Regarding Victor’s assertion that the NRC is in the industry’s pocket, I’d be interested in seeing his proof, as he provides no evidence to support it. Such a statement is easily made but hard to defend. Each commissioner has his or her private views about whether nuclear energy is a good thing or not. Commissioners on both sides of the nuclear issue have been appointed by presidents. The oath that each took when confirmed by the Senate was to safeguard the public’s health and safety, not the industry’s interests. These are all honorable men and women who I believe take their oaths seriously.
What has always troubled me more is the requirement that the commission be balanced between Republicans and Democrats. I can’t see how a Republican or a Democrat can view safety differently. I could see how a commissioner with an anti-nuclear agenda might. Conversely, even the most ardent nuclear advocate should know that an unsafe plant will be shutdown, so enthusiasm for regulating less strictly isn’t in his or her best interest.
Lastly, and perhaps most troubling, is that in recent times, the new NRC commissioners have come from the ranks of staff members of some senator or congressman or committee. This is unhealthy for the agency’s reputation, since the public expects appointments to be made based upon an understanding of the technology to be regulated, not based upon congressional job history. Fortunately, at least a few of the commissioners have some kind of technical background–but not necessarily in the field of nuclear engineering.

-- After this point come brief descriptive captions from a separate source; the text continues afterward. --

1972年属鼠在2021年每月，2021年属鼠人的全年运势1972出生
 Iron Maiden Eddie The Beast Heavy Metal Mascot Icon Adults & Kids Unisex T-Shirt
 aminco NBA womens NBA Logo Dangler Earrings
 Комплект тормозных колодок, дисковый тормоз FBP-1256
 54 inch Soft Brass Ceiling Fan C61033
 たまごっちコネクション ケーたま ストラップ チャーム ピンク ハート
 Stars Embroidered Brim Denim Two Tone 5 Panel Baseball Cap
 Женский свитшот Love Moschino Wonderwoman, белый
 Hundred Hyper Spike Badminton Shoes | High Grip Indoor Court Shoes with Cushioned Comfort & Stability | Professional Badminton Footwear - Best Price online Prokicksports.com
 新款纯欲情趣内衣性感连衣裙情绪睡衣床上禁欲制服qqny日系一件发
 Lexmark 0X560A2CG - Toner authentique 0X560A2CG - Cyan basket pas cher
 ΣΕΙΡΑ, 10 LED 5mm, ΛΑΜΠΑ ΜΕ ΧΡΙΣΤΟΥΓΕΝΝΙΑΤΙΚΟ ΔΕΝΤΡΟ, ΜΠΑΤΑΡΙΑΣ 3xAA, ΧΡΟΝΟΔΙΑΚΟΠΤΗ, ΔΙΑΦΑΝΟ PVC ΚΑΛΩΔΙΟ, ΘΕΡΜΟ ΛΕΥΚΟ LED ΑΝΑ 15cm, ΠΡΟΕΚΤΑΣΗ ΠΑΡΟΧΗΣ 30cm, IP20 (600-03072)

So what’s the bottom line? The NRC needs to be a technical body, charged with overseeing the design, construction, and operation of nuclear power plants and radioactive materials. Its staff must be highly trained with a keen sense of its role at all levels. The new trend toward a more risk-informed regulatory approach is a big step forward. Nonetheless, the NRC can never replace those who are ultimately responsible for nuclear safety–the people who design, build, operate, and maintain the plants.